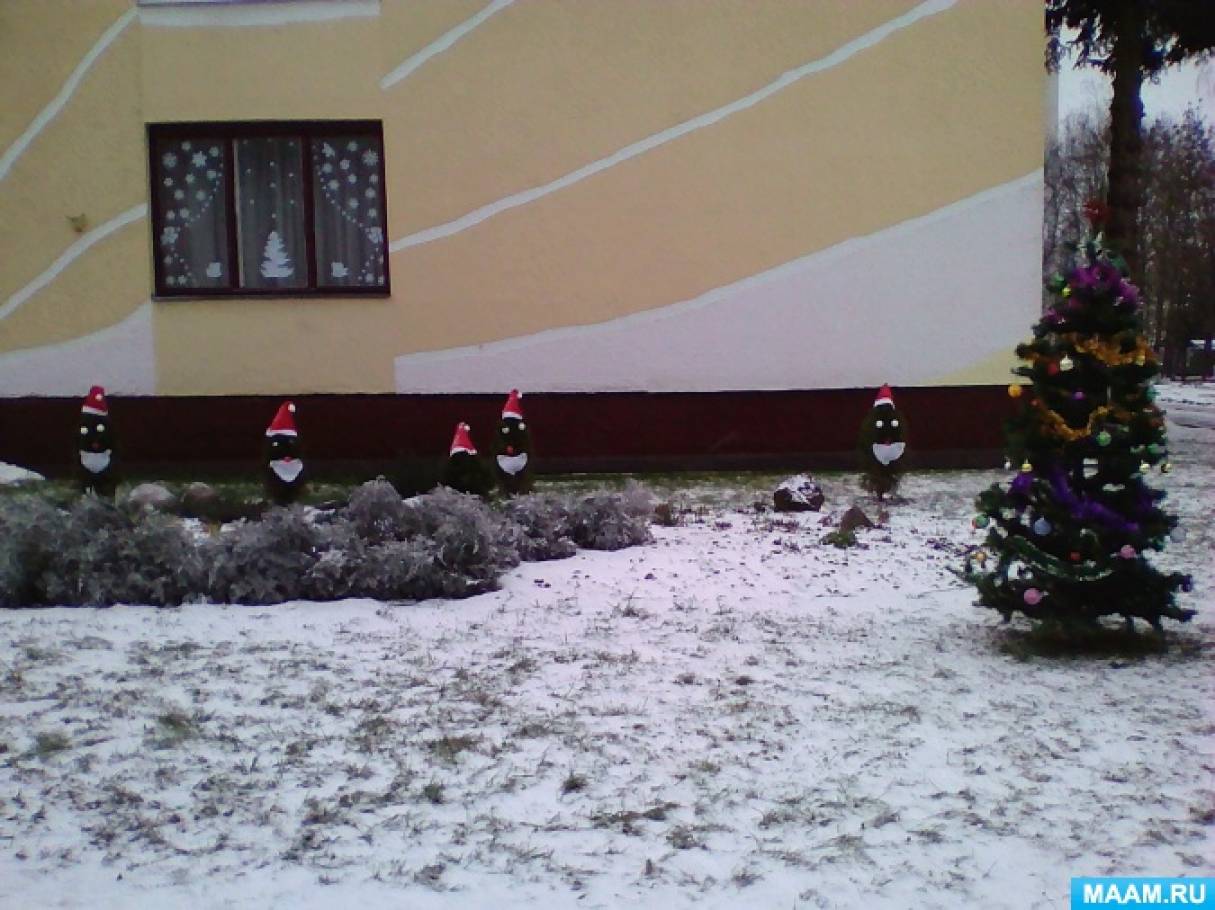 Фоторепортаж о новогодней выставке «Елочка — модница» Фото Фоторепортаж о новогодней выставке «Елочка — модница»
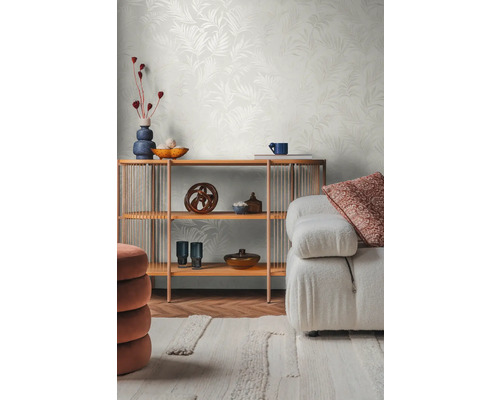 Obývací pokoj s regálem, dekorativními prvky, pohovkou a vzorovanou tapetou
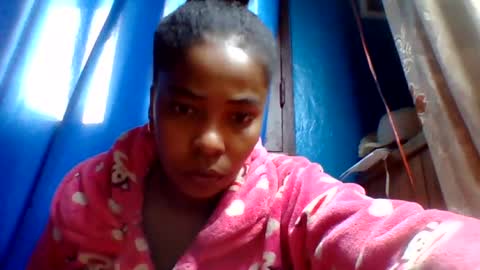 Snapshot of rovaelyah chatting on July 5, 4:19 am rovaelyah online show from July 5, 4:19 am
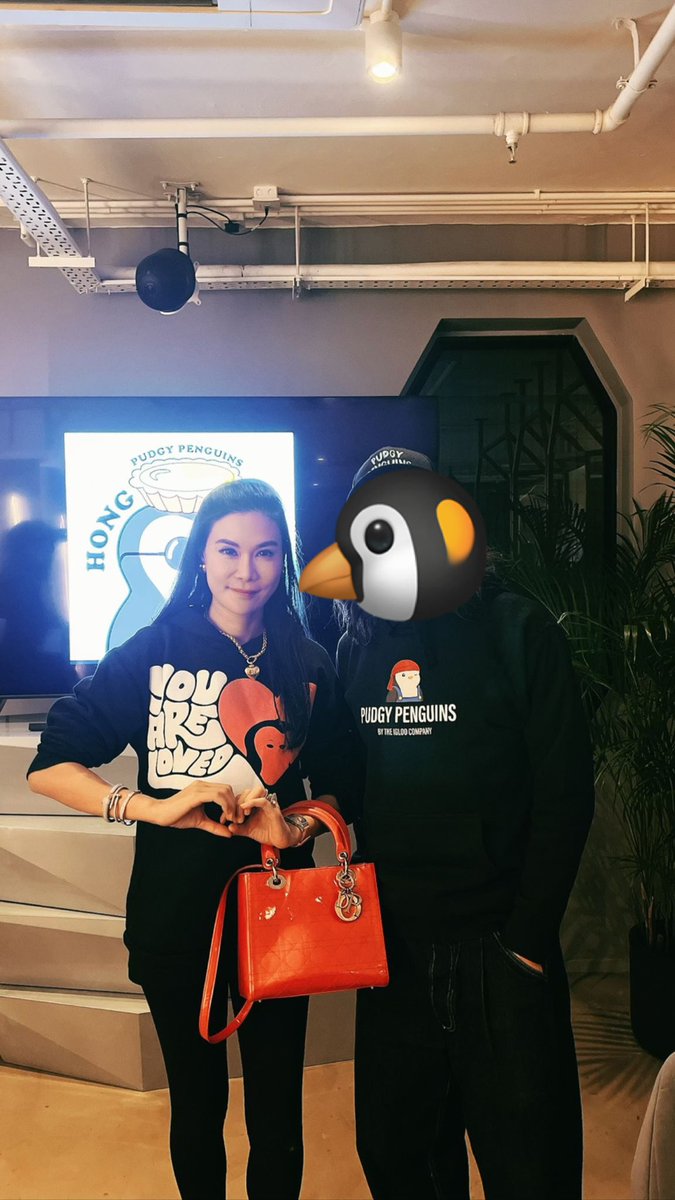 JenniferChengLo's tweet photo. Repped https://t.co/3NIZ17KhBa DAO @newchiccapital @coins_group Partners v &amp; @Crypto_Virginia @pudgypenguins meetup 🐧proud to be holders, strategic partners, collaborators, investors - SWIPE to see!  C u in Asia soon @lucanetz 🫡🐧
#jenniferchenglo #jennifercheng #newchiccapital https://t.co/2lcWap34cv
────────────────
> [EXERCISE REQUIREMENTS]: Lines from the one that contains "JenniferChengLo's tweet photo." to the final line of the material are the whole answer. Reproduce them word for word and skip the pictures.

> [SOLUTION TO THIS PROBLEM]:
 JenniferChengLo's tweet photo. Repped https://t.co/3NIZ17KhBa DAO @newchiccapital @coins_group Partners v &amp; @Crypto_Virginia @pudgypenguins meetup 🐧proud to be holders, strategic partners, collaborators, investors - SWIPE to see!  C u in Asia soon @lucanetz 🫡🐧
#jenniferchenglo #jennifercheng #newchiccapital https://t.co/2lcWap34cv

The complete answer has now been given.